§ **Given data**:

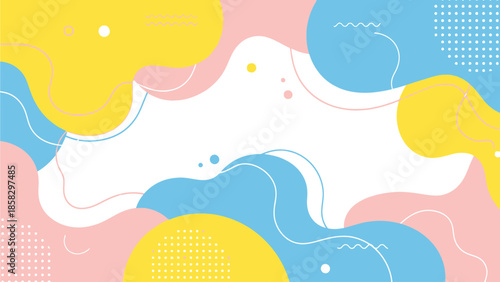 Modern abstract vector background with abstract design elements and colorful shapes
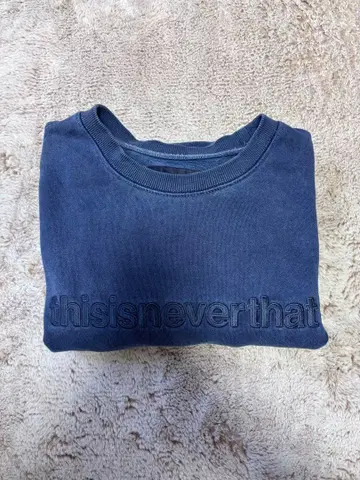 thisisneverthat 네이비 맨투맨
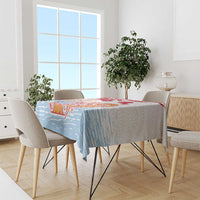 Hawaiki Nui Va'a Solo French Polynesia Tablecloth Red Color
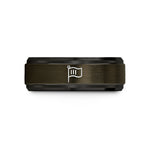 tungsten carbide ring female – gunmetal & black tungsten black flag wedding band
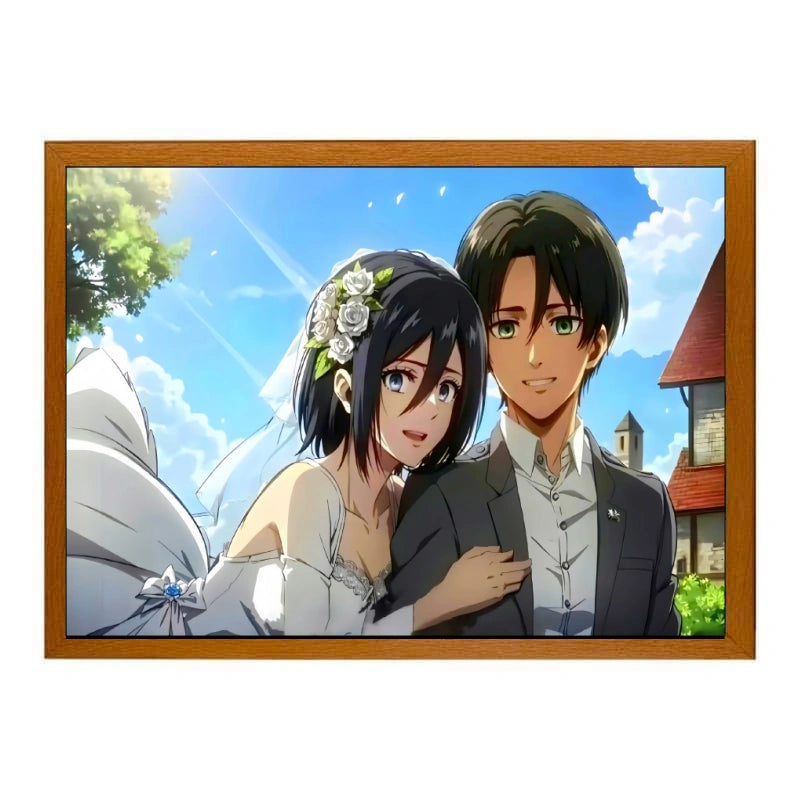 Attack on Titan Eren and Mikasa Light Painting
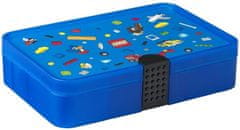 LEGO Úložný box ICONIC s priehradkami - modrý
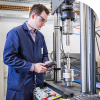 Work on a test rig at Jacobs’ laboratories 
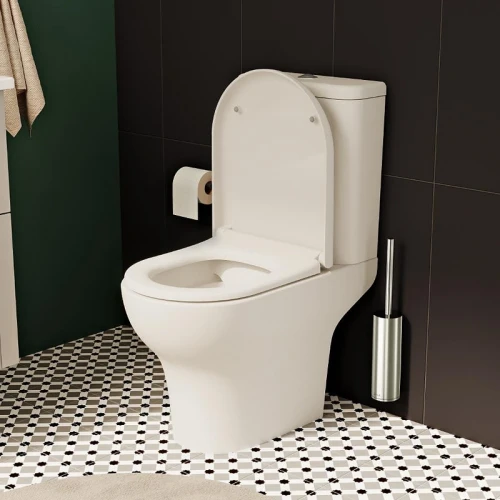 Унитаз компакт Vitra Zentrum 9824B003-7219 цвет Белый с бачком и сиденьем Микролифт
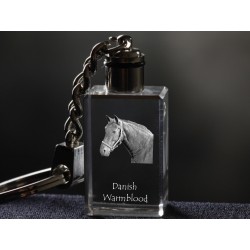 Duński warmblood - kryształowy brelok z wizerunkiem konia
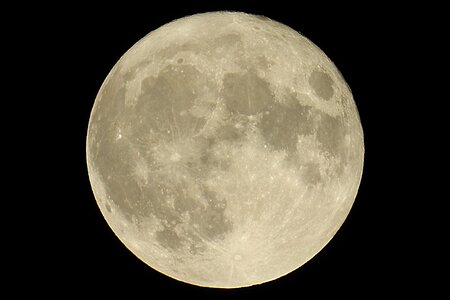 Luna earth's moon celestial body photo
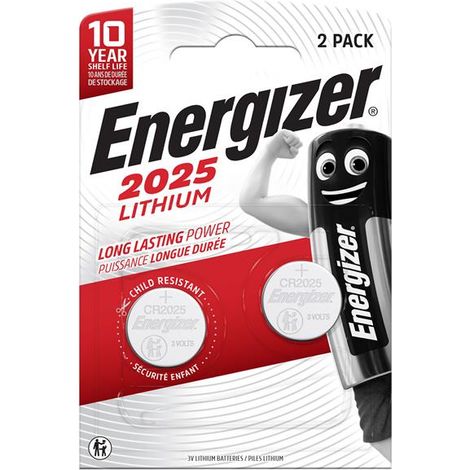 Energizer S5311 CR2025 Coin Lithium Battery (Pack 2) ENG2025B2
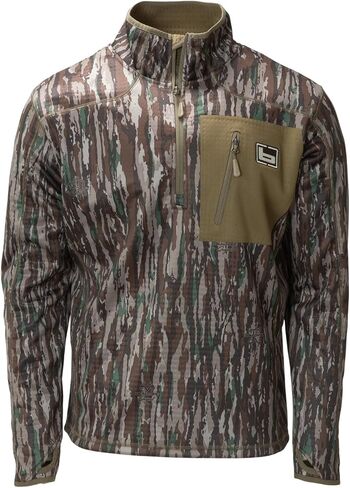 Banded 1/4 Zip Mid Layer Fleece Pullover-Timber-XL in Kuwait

--

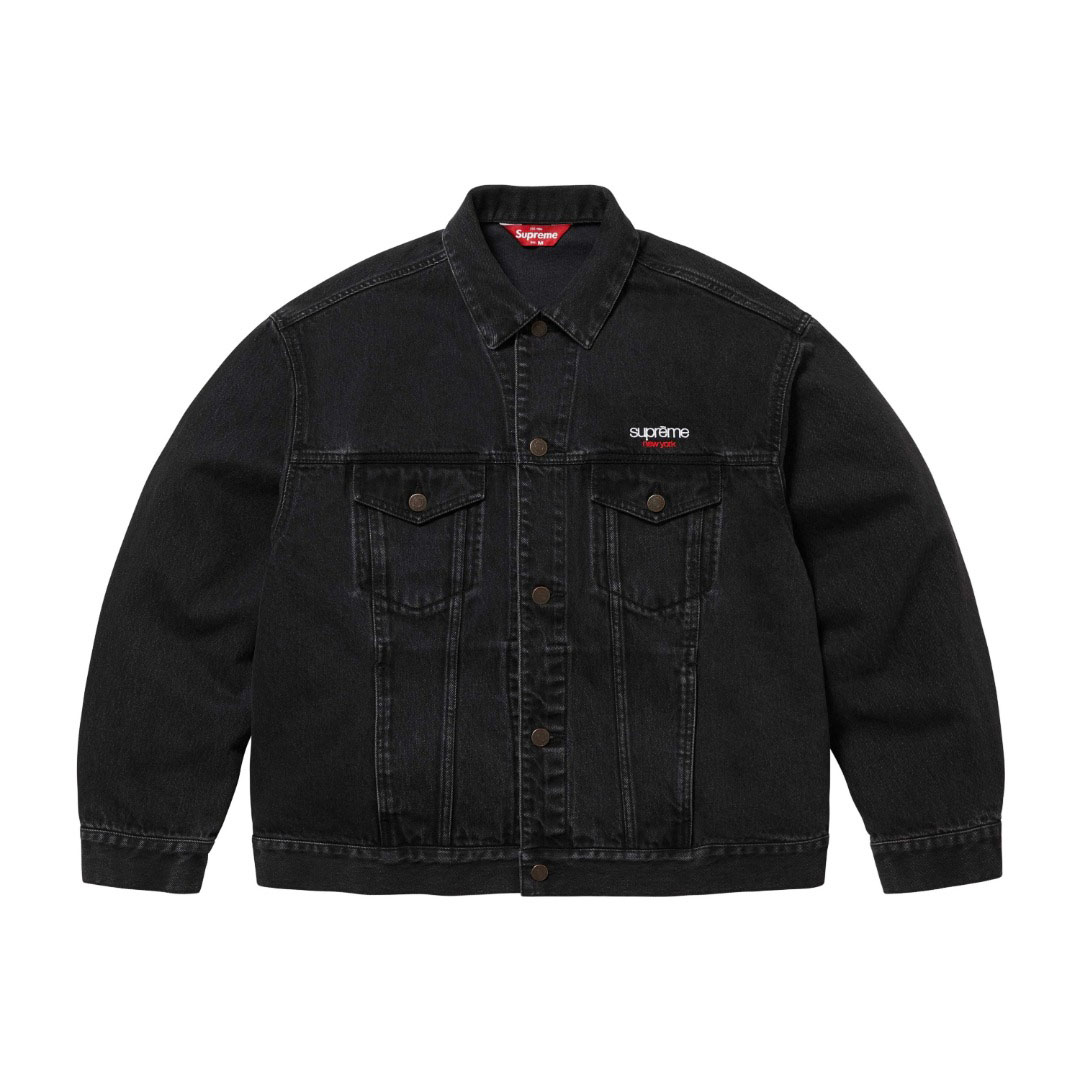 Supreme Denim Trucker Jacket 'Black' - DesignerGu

§ **Assigned task**: With the pictures omitted, print the lines above exactly, beginning at the line with "thisisneverthat 네이비 맨투맨" and going on through the line with "Banded 1/4 Zip".

§ **Answer to this task**:
 thisisneverthat 네이비 맨투맨
 Hawaiki Nui Va'a Solo French Polynesia Tablecloth Red Color
 tungsten carbide ring female – gunmetal & black tungsten black flag wedding band
 Attack on Titan Eren and Mikasa Light Painting
 LEGO Úložný box ICONIC s priehradkami - modrý
 Work on a test rig at Jacobs’ laboratories 
 Унитаз компакт Vitra Zentrum 9824B003-7219 цвет Белый с бачком и сиденьем Микролифт
 Duński warmblood - kryształowy brelok z wizerunkiem konia
 Luna earth's moon celestial body photo
 Energizer S5311 CR2025 Coin Lithium Battery (Pack 2) ENG2025B2
 Banded 1/4 Zip Mid Layer Fleece Pullover-Timber-XL in Kuwait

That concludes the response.